J.P.モルガンのチップアナリストであるハーラン・サー氏によると、これらのプログラムへの資金提供は、政権の次の優先課題のひとつであるジョー・バイデン大統領のインフラ法案に含まれる可能性が高いとのことです。同氏は、この法案は今年の前半に通過し、2021年の後半から資金が提供されると予想しています。
サー氏のチームは、インセンティブと補助金の総額を350億ドルから370億ドルと見積もっており、国内のチップ製造には約180億ドルから200億ドル、チップの研究開発には150億ドルから170億ドルが必要だとしています。
国防権限法の現在の文言に基づいて、サーは3月15日に発表したメモの中で、資金や奨励金を支給する際には、米国に拠点を置く集積デバイスメーカーが優先される可能性が高いと予想しています。
具体的には、インテル(INTC)、マイクロン・テクノロジー(MU)、テキサス・インスツルメンツ(TXN)、アナログ・デバイセズ(ADI)、オン・セミコンダクター(ON)などのメーカーが恩恵を受ける可能性が高いとのこと。

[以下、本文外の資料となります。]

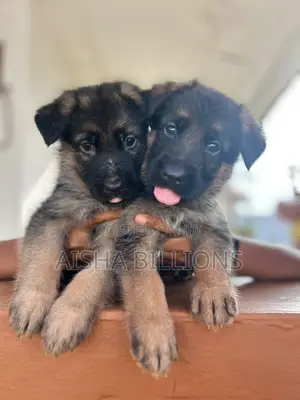 1-3 months Female Purebred German Shepherd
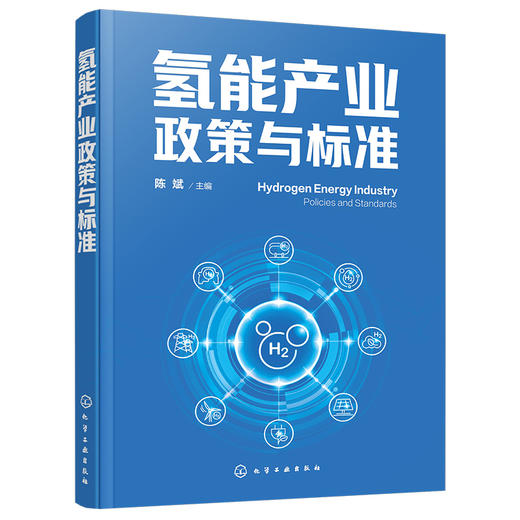 氢能产业政策与标准 商品图1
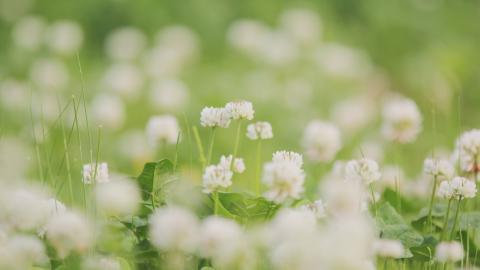 草本植物三叶草花卉图片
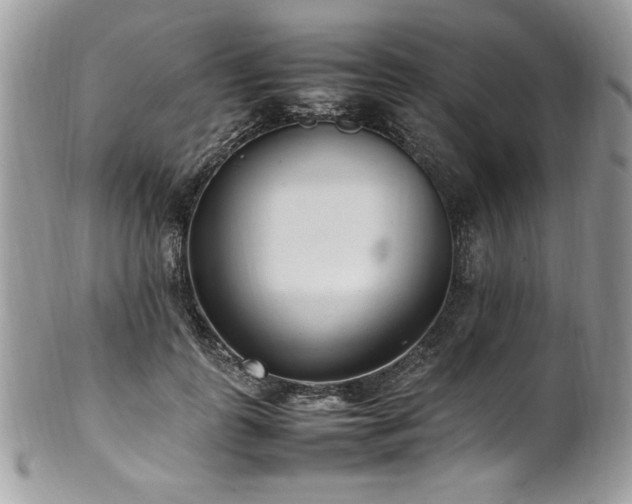 X0000102250747200807251321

また、米国の防衛関連の資格を持つ企業も恩恵を受ける立場にあると書いています。米国に拠点を置く国際的なチップメーカーである台湾セミコンダクター・マニュファクチャリング (TSM)やNXPセミコンダクターズ (NXPI)も恩恵を受けるものの、その度合いは低いと見ています。
また、アプライド・マテリアルズ(AMAT)やラム・リサーチ(LRCX)など、チップ製造装置を製造する企業も、インセンティブによって装置の購入額が増加するため、恩恵を受けるとしています。